End to End ML Project - Train a Decision Tree model

Now that we have prepared the data, we will train a Decision Tree model on that data and see how it performs. Since this is a regression problem, we will use the DecisionTreeRegressor class from Scikit-learn.

  • Import the DecisionTreeRegressor class from Scikit-learn

    from sklearn.tree import <<your code goes here>>
  • Now let's train the DecisionTreeRegressor

    tree_reg = DecisionTreeRegressor(random_state=42)
    tree_reg.fit(housing_prepared, housing_labels)
  • To evaluate the performance of our model, we will import the mean_squared_error class from Scikit-learn

    from sklearn.metrics import <<your code goes here>>
  • Now let's predict using our model using the predict method

    housing_predictions = tree_reg.<<your code goes here>>(housing_prepared)
  • Finally, let's evaluate our model

    tree_mse = mean_squared_error(housing_labels, housing_predictions)
    tree_rmse = np.sqrt(tree_mse)

    If you trained your model correctly, the rmse would come to 0.0. This means that our model is most likely overfitting. How to check and resolve this issue? We will come to that in a bit, but before that we will train a Random Forest model.

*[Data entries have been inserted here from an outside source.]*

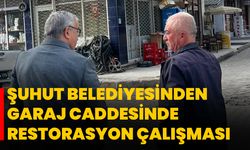 Şuhut Belediyesinden Garaj Caddesinde Restorasyon Çalışması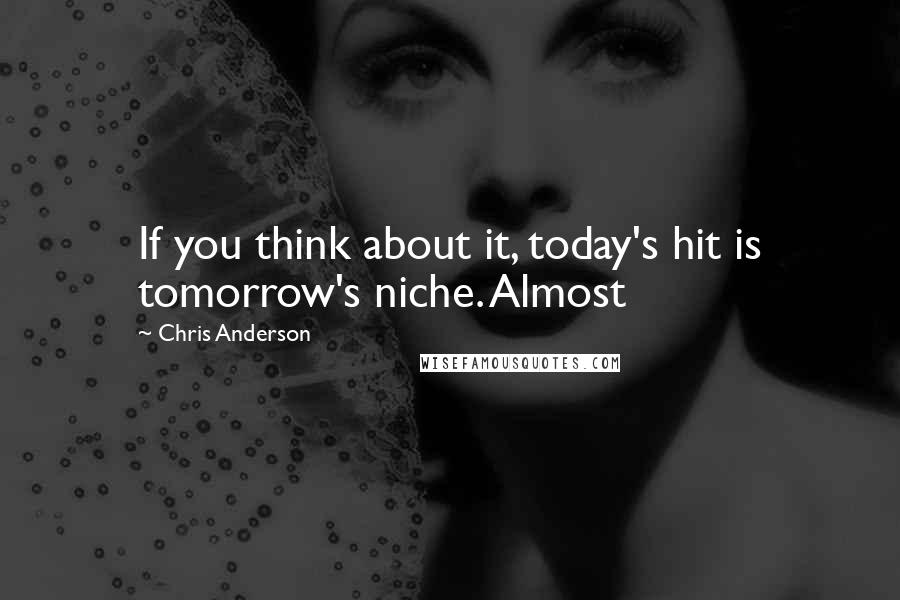 Chris Anderson Quotes: If you think about it, today's hit is tomorrow's niche. Almost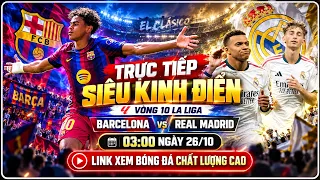 LINK XEM SIÊU KINH ĐIỂN BARCELONA - REAL MADRID | 03:00 NGÀY 26/10 | LINK XEM EL CLASICO CHẤT LƯỢNG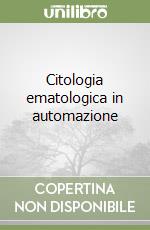 Citologia ematologica in automazione libro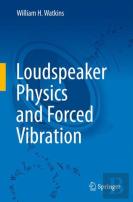Loudspeaker Physics And Forced Vibration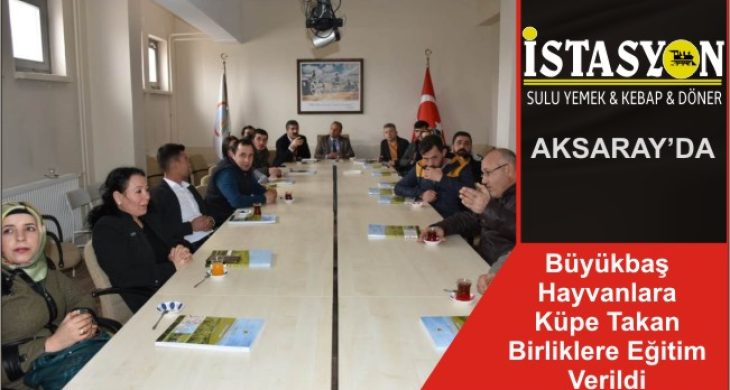 Büyükbaş Hayvanlara Küpe Takan Birliklere Eğitim Verildi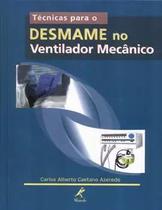 Livro - Técnicas para o desmame no ventilador mecânico Livro - Técnicas para o desmame no ventilador mecânico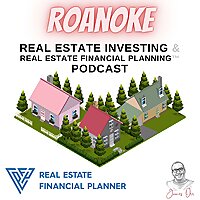 Roanoke Real Estate Investing & Real Estate Financial Planning™ Podcast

Note- If a model performs significantly better on the training data than on the testing data, it can be overfitting on the training data. But we can't be sure that it's always overfitting because this scenario can also arise due to some other problems such as data mismatch on training and test set. It means the test set contains different type of data(having different distribution) which was not there in training data. It can also be the case that you are observing this because of the stochastic nature of the algorithm. So we have to check whether the model is really overfitting or if it is suffering from some other problem.